_Problem to work on_.
Everything from the line with "Belle Bow Charm" to the line with "Mein HERZ Lot" in the listing below, both lines included, needs to be copied exactly, apart from the pictures.

_Entries provided_.
+++
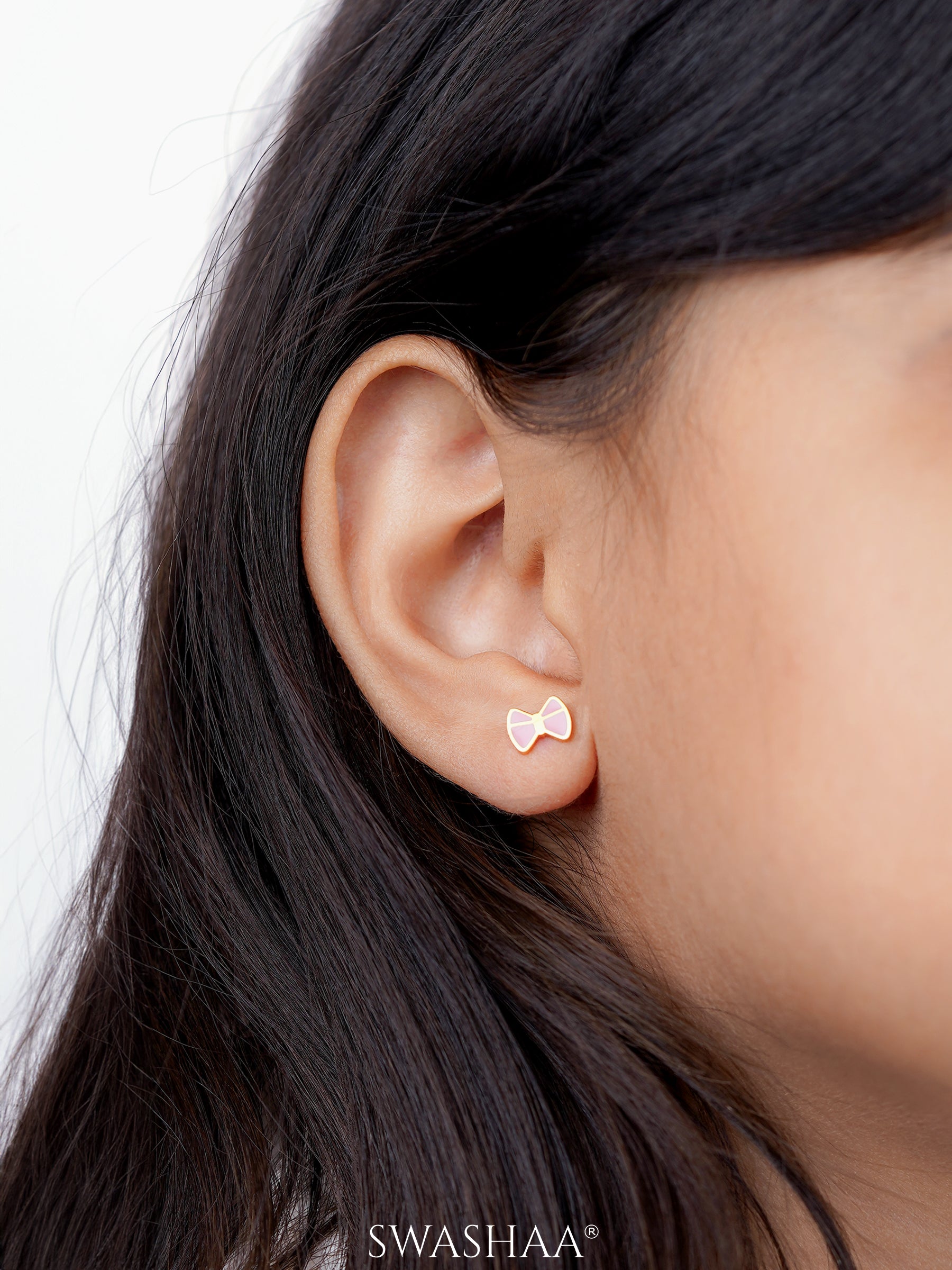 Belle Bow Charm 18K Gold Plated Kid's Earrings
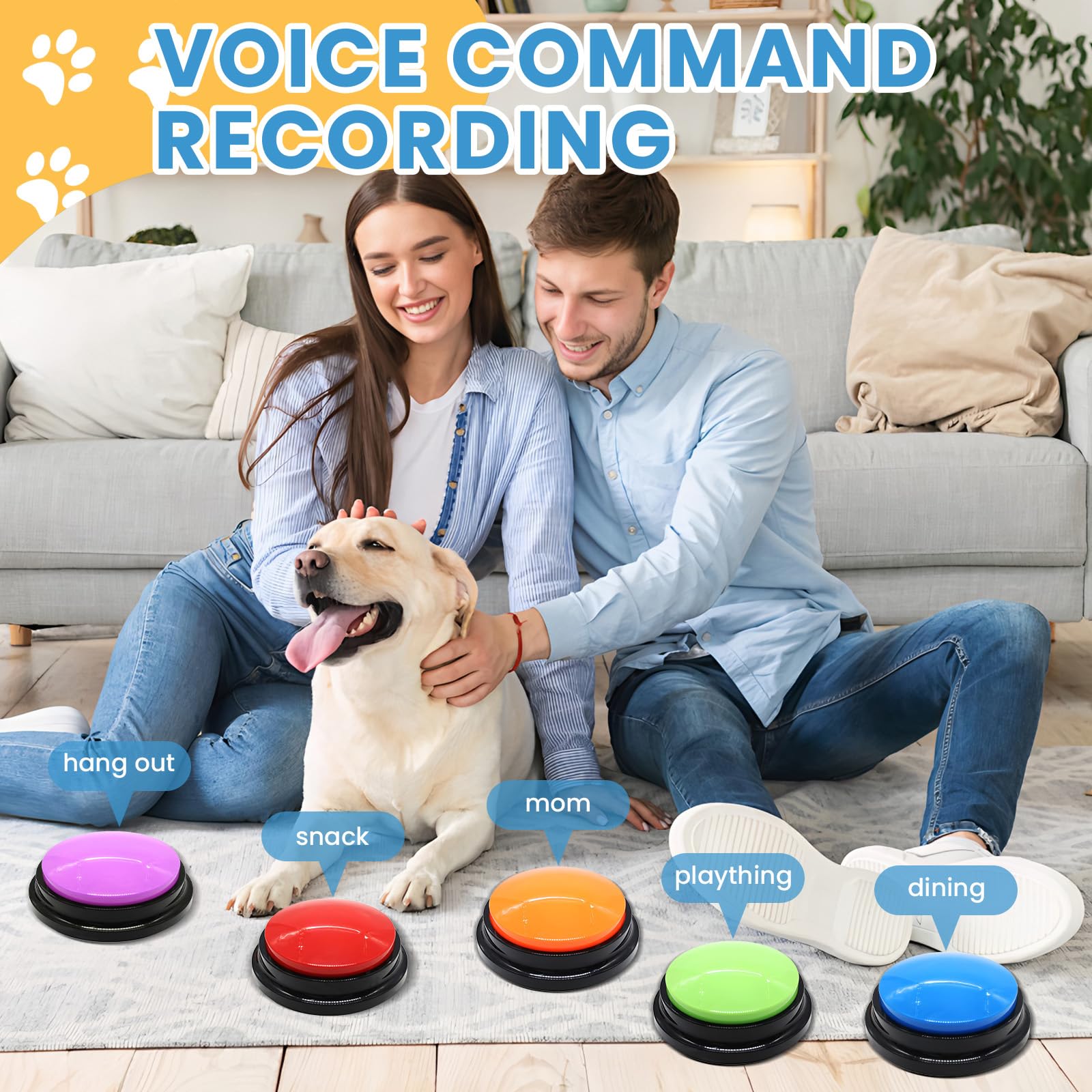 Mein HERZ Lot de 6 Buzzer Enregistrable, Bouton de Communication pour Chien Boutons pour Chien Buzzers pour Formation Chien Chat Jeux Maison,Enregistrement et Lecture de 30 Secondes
+++
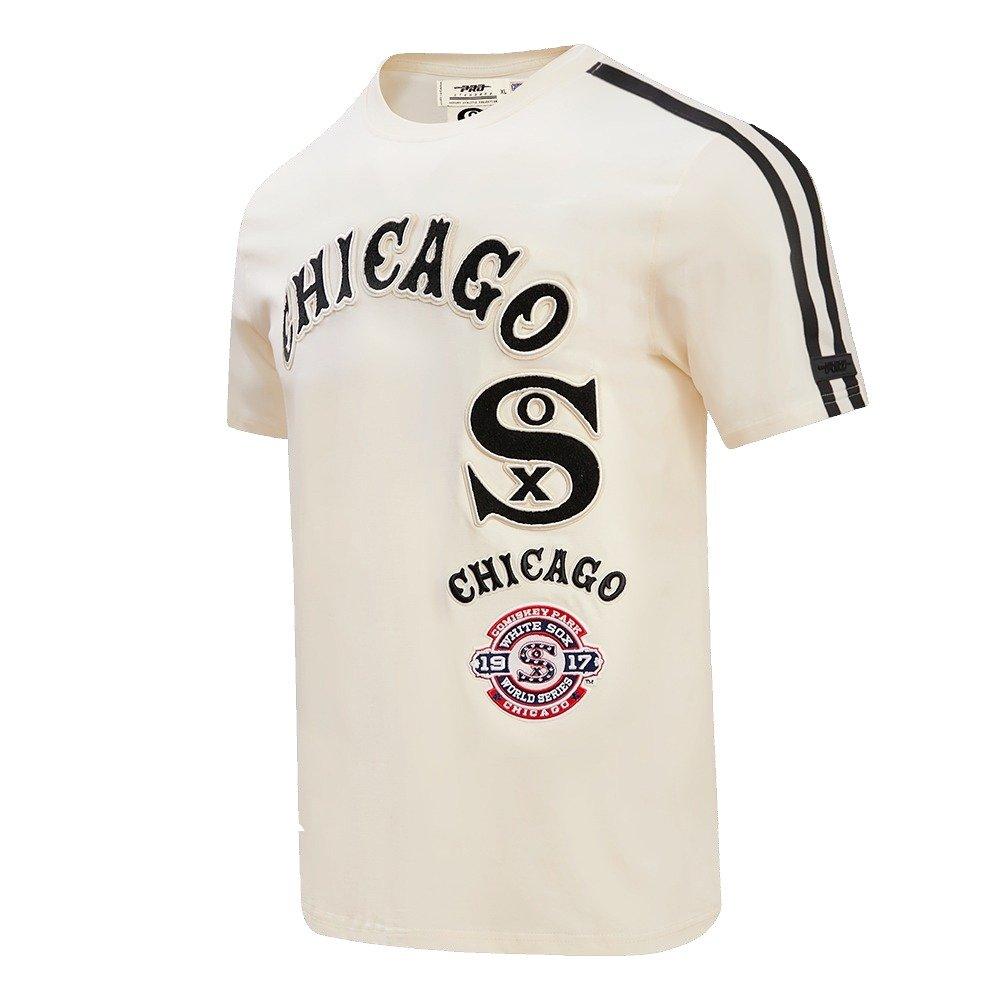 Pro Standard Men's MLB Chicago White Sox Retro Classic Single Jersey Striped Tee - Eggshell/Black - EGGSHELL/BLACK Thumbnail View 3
+++
_Answer to this problem_.
 Belle Bow Charm 18K Gold Plated Kid's Earrings
 Mein HERZ Lot de 6 Buzzer Enregistrable, Bouton de Communication pour Chien Boutons pour Chien Buzzers pour Formation Chien Chat Jeux Maison,Enregistrement et Lecture de 30 Secondes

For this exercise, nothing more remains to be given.